Output each line of the listing exactly, though pictures are not to appear.

## MATERIAL PROVIDED:

═══

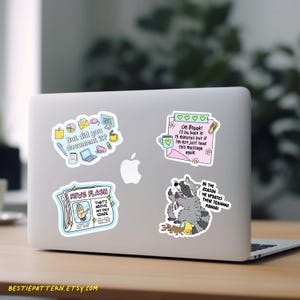 May include: Laptop covered in colorful stickers. Stickers include text: "But did you document it?", "On Break! I'll be back in 15 minutes", "NEWS FLASH That's above my pay grade", and "BE THE REASON HR UPDATES THEIR TRAINING MANUAL".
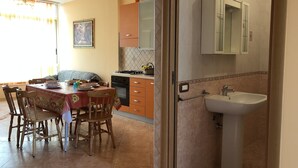 Een keuken met een eettafel, stoelen en een spoelbak.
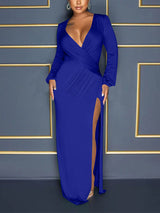Front view of a woman in a royal blue long-sleeve maxi dress with a deep V-neckline and a high slit.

═══

## ANSWER TO THIS EXERCISE:
 May include: Laptop covered in colorful stickers. Stickers include text: "But did you document it?", "On Break! I'll be back in 15 minutes", "NEWS FLASH That's above my pay grade", and "BE THE REASON HR UPDATES THEIR TRAINING MANUAL".
 Een keuken met een eettafel, stoelen en een spoelbak.
Front view of a woman in a royal blue long-sleeve maxi dress with a deep V-neckline and a high slit.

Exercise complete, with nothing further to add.